Since Bailey said he had no idea what he and Lt. Archer would be inspecting on Aug. 26, 2020, they brought blank orders with them to Paradise Valley. Wasserman could not provide them with plans for the greeting room, welcome center, cabanas or wine bar.
They could not inspect without construction plans. The next week, Archer delivered stop-work orders citing the code violated on the notices.
As of now, the welcome center still needs drywall and flooring, and the wine bar likewise needs walls and floors. The greeting room just needs an interior floor, while the majority of work remains to be done on the pool and fitness center.
Wasserman estimated that Paradise Valley has spent over $1.687 million on the new buildings so far.
It was Bailey’s opinion that the building permits weren’t properly issued to Paradise Valley, given the lack of construction or life-safety plans beyond basic drawings.
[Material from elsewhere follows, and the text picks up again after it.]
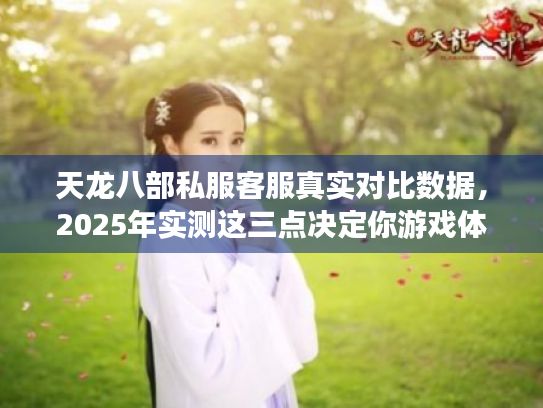天龙八部私服客服真实对比数据，2025年实测这三点决定你游戏体验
The judge asked how often it is that sufficient plans aren’t available for buildings.
“This is the only instance I’ve been directly involved with…[out of] thousands,” Bailey said.
Homans argued that good faith efforts were made on the part of Paradise Valley, despite oversight of government officials regarding the building permits. He elaborated that the resort has invested a lot of money into these new buildings and that oversimplifying his client’s case “wasn’t fair.”
Frickey argued against the plaintiff’s bid for vested rights, maintaining that giving the resort a pass now would mean giving them future leniency. He reaffirmed the fire department officials’ duties to make sure buildings are safe to be occupied.
As of Monday afternoon, a decision has not been announced in this civil case.